In the past, helmets that were more expensive actually were safer, but with the development of modern safety standards like Snell this has become less the case. Now, spending more money on typically means you get a lighter, quieter, more compact, better ventilated, or better-looking helmet. Here are some common helmet features to choose from:

  • EMS Removal Tabs: These small fabric loops are a safety feature that makes it easier for first responders to remove your helmet after a crash without needing to tug at your head and neck. If a crash injures your back, first responders will try to immobilize your back, neck, and spine until you can be transported to a hospital where it’s safer to treat you, and these tabs make it easier for them to do their job.
  • Flat Area to Attach Devices: All helmets are curved, but many will have an area along the jawbone that runs flat so you can securely attach devices like your Sena or GoPro. This is convenient, but potentially less safe since the devices might catch on the ground in a crash and injure your neck and head.

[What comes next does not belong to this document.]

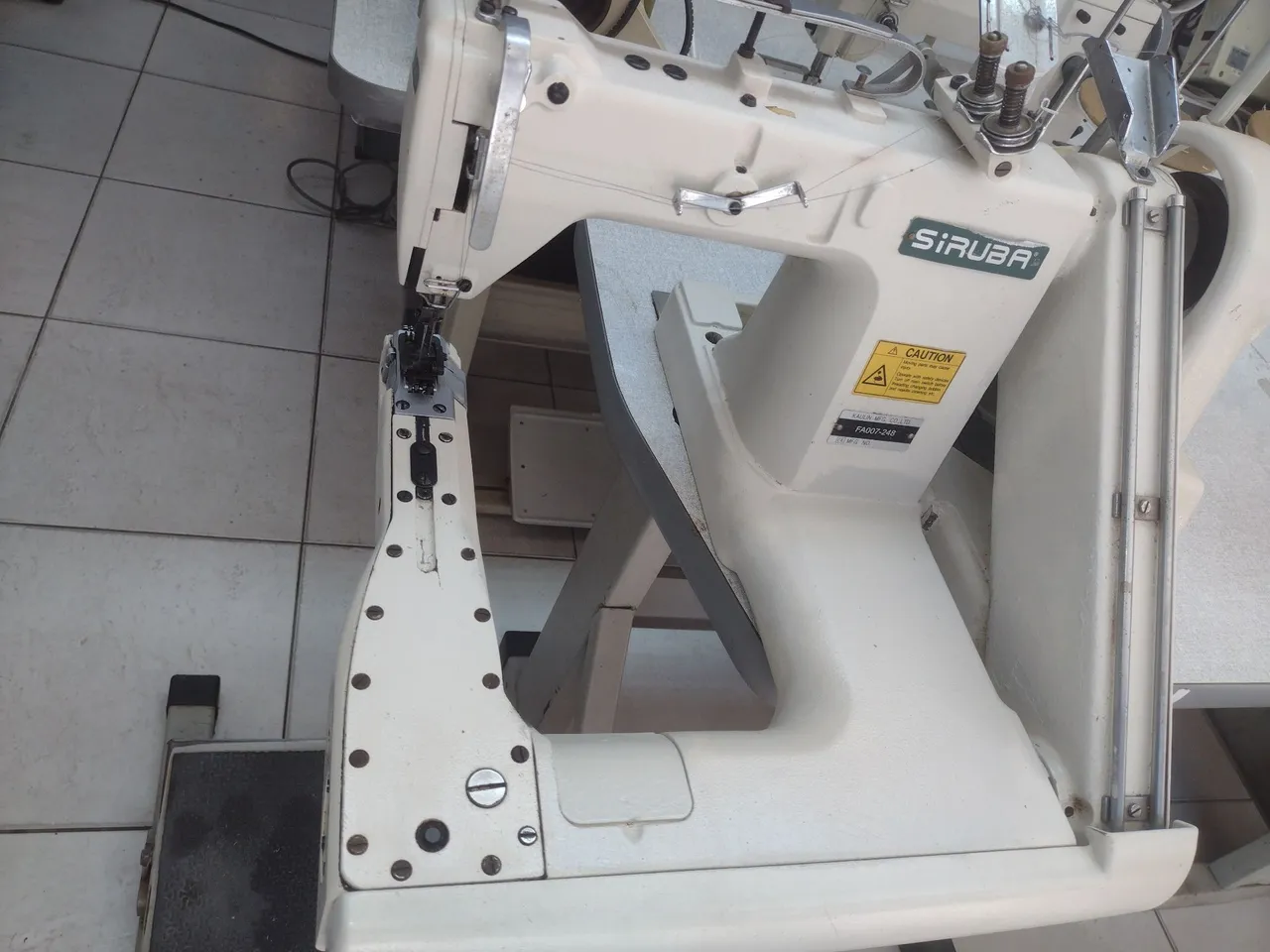 Máquina de Costura Industrial Siruba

  • Noise Reduction: While you should always wear earplugs on a motorcycle, some helmets are also engineered to reduce the amount of wind buffeting and wind noise that goes along with it. Schuberth is particularly famous for this. Note that less noise often means less ventilation too.

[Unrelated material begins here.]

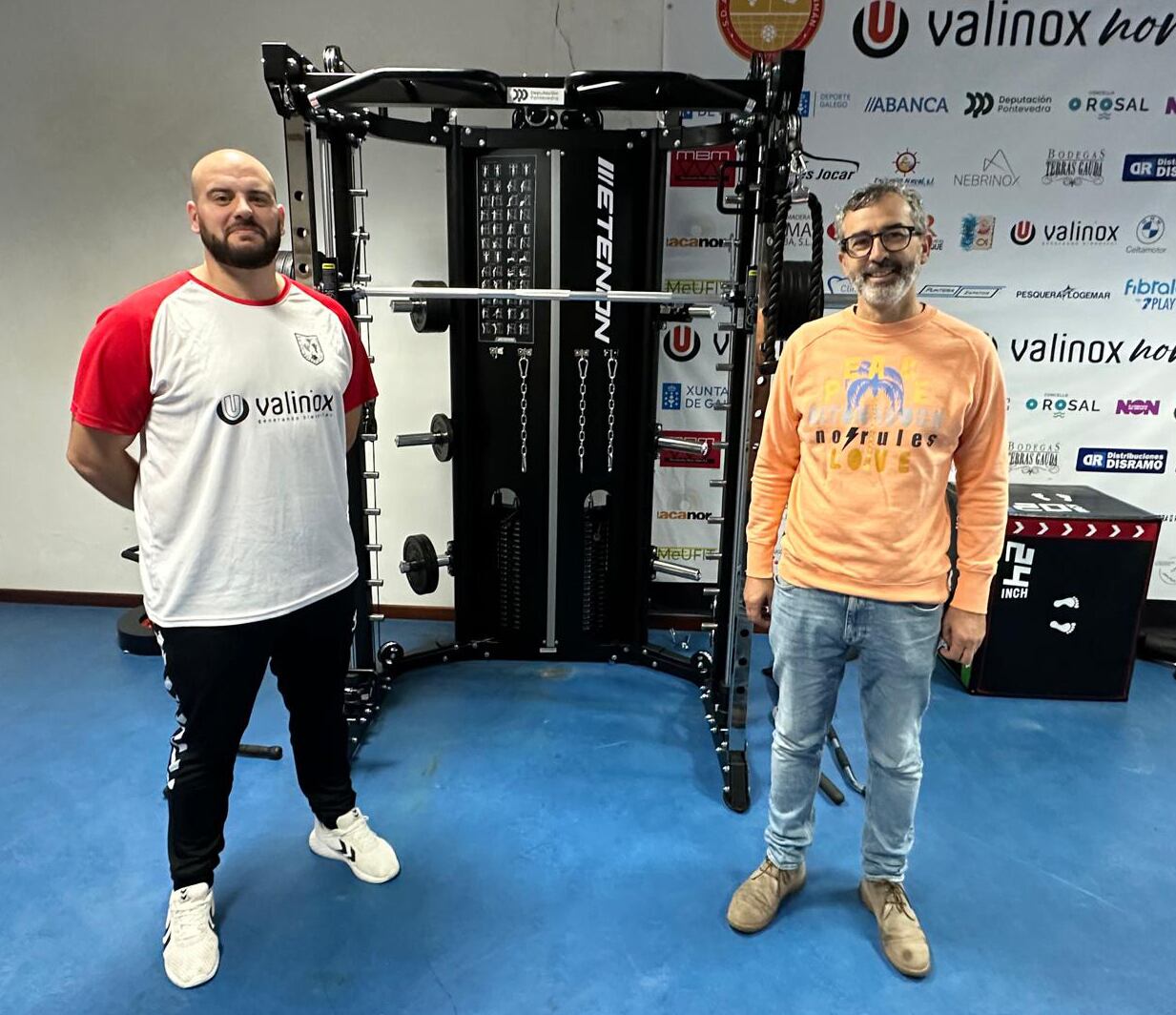 Iago Flores, capitán del Valinox Novás, y José Carlos Crespo, concejal de Deportes de O Rosal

  • Pinlock Anti-Fog Visors: These are special anti-fog lenses made with a clear “spongey” coating of water-absorbing material to soak up condensation. Pinlock visors are made specific to each helmet brand and model, so a Pinlock AGV will not fit a Shoei or vice versa.
  • Removable (washable!) liner: Sweat, makeup, hair grease and products, sneezes… helmets can get gross inside. Having a liner you can remove and wash or replace makes this much more manageable.

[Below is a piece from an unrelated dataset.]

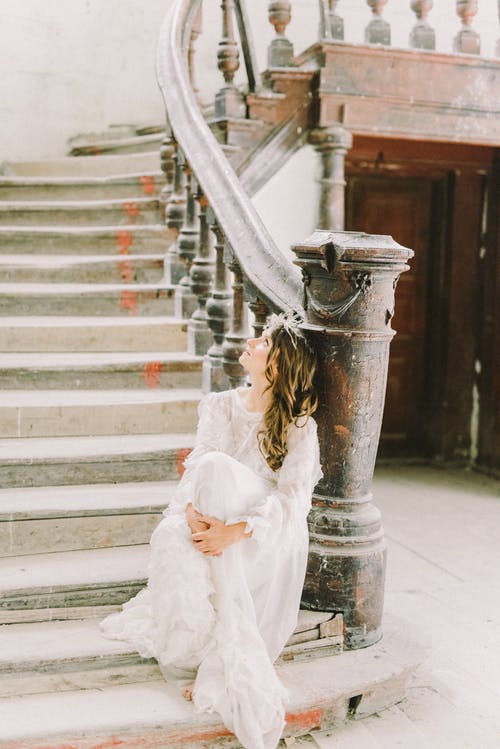 白色礼服站在混凝土楼梯上的女人 · 免费素材图片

  • Riding Profiles: Depending on whether you’re buying a helmet for racing, city riding, or off road riding, you’ll have the option of different helmet profiles. Helmets meant for racing are engineered to be more aerodynamic when you’re in a tuck, and will have a taller viewing window so you can see farther ahead. City riding helmets may look similar, but are typically made to be more aerodynamic while sitting upright and often have more comfort features like noise reduction. Off road helmets often have a removable sun shade and a more pointed profile, which helps when you’re climbing a hill on dirt but can be obnoxious in the wind on a highway.
  • Sunken ear indents for speakers: If you have a Sena, PackTalk, or any other audio device for your helmet, having an area to nest the speakers will make your helmet more comfortable for your ears.
  • Transitions visor: Any helmet will have options for different shades of visor, but a Transitions visor is filled with invisible particles that respond to UV light and become dark when it’s bright out, or clear when it’s dark out. They lose sensitivity over time, but are very convenient if you don’t want to carry around a spare visor for if it gets dark or starts raining.
  • Ventilation: Even a budget helmet will typically come with a vent at the mouth and another over the forehead, but nicer helmets will have more vents and better options to adjust them so you do less fumbling with gloved hands. Note that more ventilation often means more noise too.
  • Weight-reducing materials: All helmets are based around multi-layer foam to absorb impacts and a hard plastic or composite shell to protect the foam and distribute the impact over as much of the foam as possible. Plastics like ABS are common in entry-level helmets, and while they are cheap to manufacture they are typically heavier. Composite materials or resins like Kevlar, carbon fiber, and fiberglass offer the same strength as plastics at a lighter weight so the helmet overall is lighter. They can’t be molded like plastics though, and so cost more to make.